### DATA EXCERPT:
________________

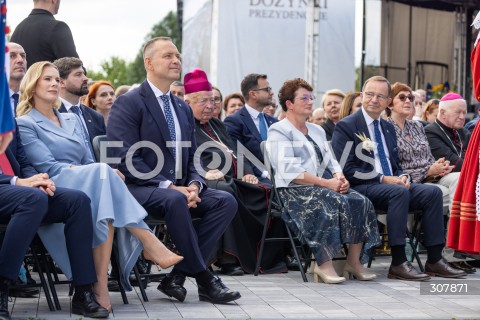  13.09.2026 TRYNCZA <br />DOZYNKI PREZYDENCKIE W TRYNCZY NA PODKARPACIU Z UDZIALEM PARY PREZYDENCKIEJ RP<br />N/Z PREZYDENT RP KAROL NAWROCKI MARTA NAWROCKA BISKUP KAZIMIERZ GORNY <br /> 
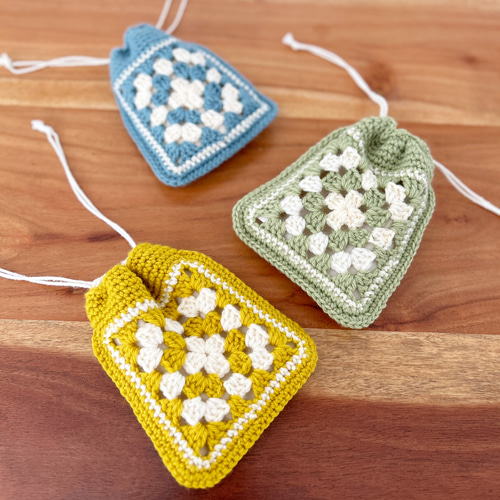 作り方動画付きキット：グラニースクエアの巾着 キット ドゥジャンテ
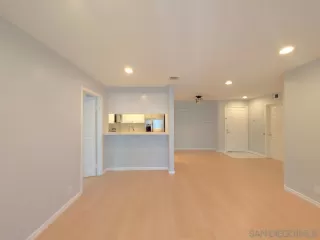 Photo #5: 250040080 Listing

________________

### WHAT YOU ARE ASKED TO DO:
Copy out the data verbatim, excluding the pictures.

### ANSWER TO THE PROBLEM:
  13.09.2026 TRYNCZA <br />DOZYNKI PREZYDENCKIE W TRYNCZY NA PODKARPACIU Z UDZIALEM PARY PREZYDENCKIEJ RP<br />N/Z PREZYDENT RP KAROL NAWROCKI MARTA NAWROCKA BISKUP KAZIMIERZ GORNY <br /> 
 作り方動画付きキット：グラニースクエアの巾着 キット ドゥジャンテ
 Photo #5: 250040080 Listing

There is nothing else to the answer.